Pundit: Advantage Pavel but Babiš’s negative tactics may work
Right after coming second in round one of elections to the Czech presidency, Andrej Babiš attacked his rival for the post, Petr Pavel, referring to the latter’s alleged communist-era intelligence training. Mr. Babiš later released billboards implying the former army chief could lead Czechs to war. But how likely is this aggressive approach to succeed? I spoke to political scientist Petr Just.
“It’s no surprise that he started the campaign before the second round immediately, and it’s also no surprise that he started so aggressively.
“There has never been any doubt that the dynamics of the second round campaign would be much higher than the dynamics before.

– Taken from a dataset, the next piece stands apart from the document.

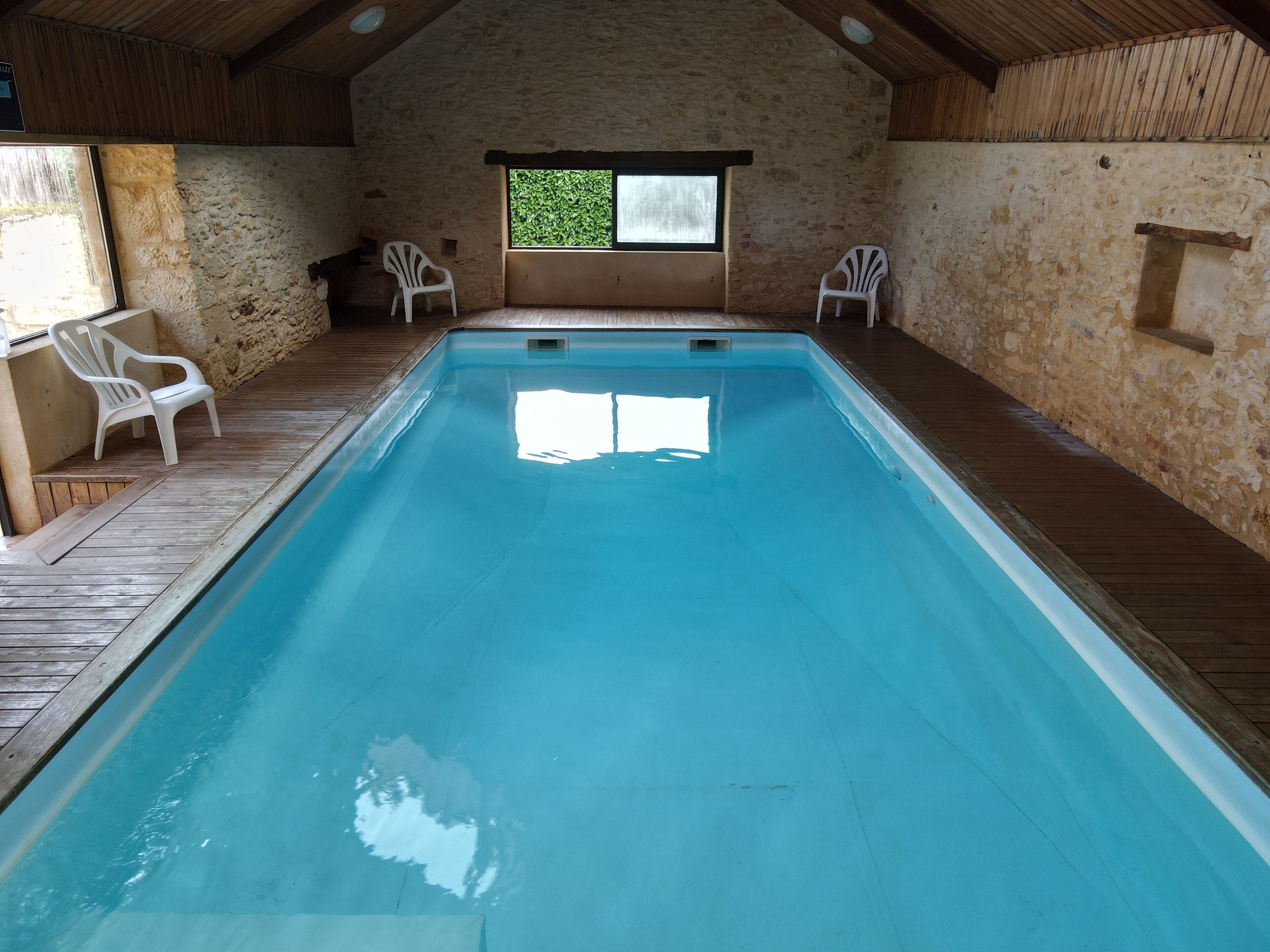 Piscine couverte, piscine chauffée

“One of the reasons is that there would be the full entry of Andrej Babiš, who always brings a lot of emotions, who tries to put aside all the rationality, and who is also very easy to be provoked into some emotional and hysterical outburst.
“And this is actually what we saw immediately after the first round.
“And this is, in my opinion, what will pretty much characterise Andrej Babiš’s approach and behaviour throughout the entire period of two weeks between the two rounds of the presidential election.”
He’s depicting Petr Pavel as a warmonger and suggesting that Pavel would, somehow, draw the country into conflict. But is there anything new in this? It feels a bit like when five years ago Miloš Zeman painted Jiří Drahoš as a kind of “welcomer” of refugees.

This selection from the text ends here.